AMDMIGraphX
AMDMIGraphX copied to clipboard
[Issue]: ~20% perf difference between MIGraphX and rocblas-bench
Problem Description
Given this program:
# test.py
p = migraphx.program()
m = p.get_main_module()
p_a = m.add_parameter("inputA",migraphx.shape(type="half_type", lens=[2,1024,1280]))
p_b = m.add_parameter("inputB",migraphx.shape(type="half_type", lens=[2,1280,10240]))
p_c = m.add_parameter("inputC",migraphx.shape(type="half_type", lens=[2,1024,10240]))
p_dot = m.add_instruction(migraphx.op("dot"), [p_a, p_b])
m.add_instruction(migraphx.op("add"), [p_dot, p_c])
I compile this with:
./bin/migraphx-driver compile --exhaustive-tune test.py -o test.mxr
And I run with
ROCBLAS_LAYER=2 rocprof --stats ./bin/migraphx-driver run test.mxr
And the timing I get is ~126us.
If I run perf
instead:
ROCBLAS_LAYER=2 rocprof --stats ./bin/migraphx-driver perf test.mxr
I get a ~110us timing.
Both perf/run will also emit the rocblas-bench
command to run the underlying gemm in rocBLAS:
./rocblas-bench -f gemm_strided_batched_ex --transposeA N --transposeB N -m 10240 -n 1024 -k 1280 --alpha 1 --a_type f16_r --lda 10240 --stride_a 13107200 --b_type f16_r --ldb 1280 --stride_b 1310720 --beta 1 --c_type f16_r --ldc 10240 --stride_c 10485760 --d_type f16_r --ldd 10240 --stride_d 10485760 --batch_count 2 --compute_type f32_r --algo 1 --solution_index 80268 --flags 0
But if I execute this, I get 145us (>20% difference). However, if I add the flag --initialization rand_int
to rocblas-bench
I get 111us.
Operating System
Ubuntu 20.04.6 LTS
CPU
AMD EPYC 7A53 64-Core Processor
GPU
AMD Instinct MI300X
Other
No response
ROCm Version
ROCm 6.0.0
Steps to Reproduce
No response
(Optional for Linux users) Output of /opt/rocm/bin/rocminfo --support
No response
Additional Information
No response
Running the two following commands, the two results are fairly close (Mi300x & Intel(R) Xeon(R) Platinum 8480C) :
ROCBLAS_LAYER=2 rocprof --stats ./bin/migraphx-driver run test.mxr
(AverageNs: 194 us)
ROCBLAS_LAYER=2 rocprof --stats ./bin/migraphx-driver perf -n 1 test.mxr
(AverageNs: 188 us -- This is actually an average of 3 runs.)

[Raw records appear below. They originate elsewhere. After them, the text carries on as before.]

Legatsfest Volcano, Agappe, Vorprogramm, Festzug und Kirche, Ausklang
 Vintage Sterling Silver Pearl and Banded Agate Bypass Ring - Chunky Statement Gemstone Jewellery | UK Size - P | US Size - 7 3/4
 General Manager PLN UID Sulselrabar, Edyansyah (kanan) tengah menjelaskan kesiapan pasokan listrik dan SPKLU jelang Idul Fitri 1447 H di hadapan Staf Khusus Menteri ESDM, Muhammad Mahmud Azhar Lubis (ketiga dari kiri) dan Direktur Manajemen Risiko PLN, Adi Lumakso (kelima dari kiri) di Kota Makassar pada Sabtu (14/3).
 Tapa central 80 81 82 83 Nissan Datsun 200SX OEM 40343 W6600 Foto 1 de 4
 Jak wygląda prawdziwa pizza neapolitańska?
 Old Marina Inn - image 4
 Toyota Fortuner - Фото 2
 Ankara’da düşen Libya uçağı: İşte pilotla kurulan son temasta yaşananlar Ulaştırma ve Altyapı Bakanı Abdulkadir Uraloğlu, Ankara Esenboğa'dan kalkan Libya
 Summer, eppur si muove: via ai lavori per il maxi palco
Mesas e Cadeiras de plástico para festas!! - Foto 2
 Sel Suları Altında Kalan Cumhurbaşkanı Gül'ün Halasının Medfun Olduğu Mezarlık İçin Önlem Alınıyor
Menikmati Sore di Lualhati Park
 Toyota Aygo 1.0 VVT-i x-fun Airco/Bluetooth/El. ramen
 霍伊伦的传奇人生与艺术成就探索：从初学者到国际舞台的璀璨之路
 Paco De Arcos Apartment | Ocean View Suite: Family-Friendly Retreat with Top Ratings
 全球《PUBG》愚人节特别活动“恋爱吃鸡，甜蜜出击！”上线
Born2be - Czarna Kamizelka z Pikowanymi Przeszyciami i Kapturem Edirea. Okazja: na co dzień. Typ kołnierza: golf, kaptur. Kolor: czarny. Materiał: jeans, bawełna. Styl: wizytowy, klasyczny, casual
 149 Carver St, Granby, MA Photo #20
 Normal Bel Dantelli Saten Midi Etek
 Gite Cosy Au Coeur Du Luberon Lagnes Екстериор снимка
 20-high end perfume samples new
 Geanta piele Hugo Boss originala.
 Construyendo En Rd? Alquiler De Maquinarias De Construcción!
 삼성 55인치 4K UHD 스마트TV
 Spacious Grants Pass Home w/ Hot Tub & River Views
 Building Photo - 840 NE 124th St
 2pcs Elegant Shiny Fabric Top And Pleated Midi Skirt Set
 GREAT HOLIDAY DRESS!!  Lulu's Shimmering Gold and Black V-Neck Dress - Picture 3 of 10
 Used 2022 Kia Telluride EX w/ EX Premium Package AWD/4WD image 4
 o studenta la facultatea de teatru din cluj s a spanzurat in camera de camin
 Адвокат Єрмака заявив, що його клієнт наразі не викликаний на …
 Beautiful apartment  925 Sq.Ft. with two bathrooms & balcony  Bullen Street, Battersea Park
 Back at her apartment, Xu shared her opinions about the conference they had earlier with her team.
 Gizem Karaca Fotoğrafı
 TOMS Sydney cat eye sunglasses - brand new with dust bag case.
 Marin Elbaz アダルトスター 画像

It's a bit strange we see different timings from migraphx. Did you set HIP_FORCE_DEV_KERNARG=1
? Also, are you using rocm 6.1 (rocm-6.1.0-445)?
(Those earlier numbers were not with 6.1. Flag is set as: HIP_FORCE_DEV_KERNARG = 1
)
I see that comparing run
with perf
is likely to result in some confusion. Reason is, perf -n 1
runs at least 3 times, and then give its results. And similar (and better averaged) results with perf
, which by default will run 100+ times. Its first run is always the slowest, just to prep up..
While 'run' will just run once, and it naturally has all the delays involved with the prep up in its accounting.
A look at results.csv will show the individual run details of a perf command. And its first run shows virtually the same numbers as a 'run'.
Now, I have just gone on to rocm 6.0.3. From 6.0.2:
Current test sample results: perf -n 10
has its first run @ 187us, the AverageNs at 167us --
While run
yielded 187us. Within 0.5 us of the first run of perf!
Running on rocm 6.0.3. rocBLAS version: 4.0.0.88df9726-dirty
- On the perf step above, this following output was captured, and run..
rocblas-bench --initialization rand_int -f gemm_strided_batched_ex --transposeA N --transposeB N -m 10240 -n 1024 -k 1280 --alpha 1 --a_type f16_r --lda 10240 --stride_a 13107200 --b_type f16_r --ldb 1280 --stride_b 1310720 --beta 1 --c_type f16_r --ldc 10240 --stride_c 10485760 --d_type f16_r --ldd 10240 --stride_d 10485760 --batch_count 2 --compute_type f32_r --algo 1 --solution_index 40501 --flags 0
Query device success: there are 1 devices
Device ID 0 : gfx942:sramecc+:xnack-
with 206.1 GB memory, max. SCLK 2100 MHz, max. MCLK 1300 MHz, compute capability 9.4
maxGridDimX 2147483647, sharedMemPerBlock 65.5 KB, maxThreadsPerBlock 1024, warpSize 64
rocBLAS info: Time taken to complete rocBLAS library initialization is 1120 milliseconds.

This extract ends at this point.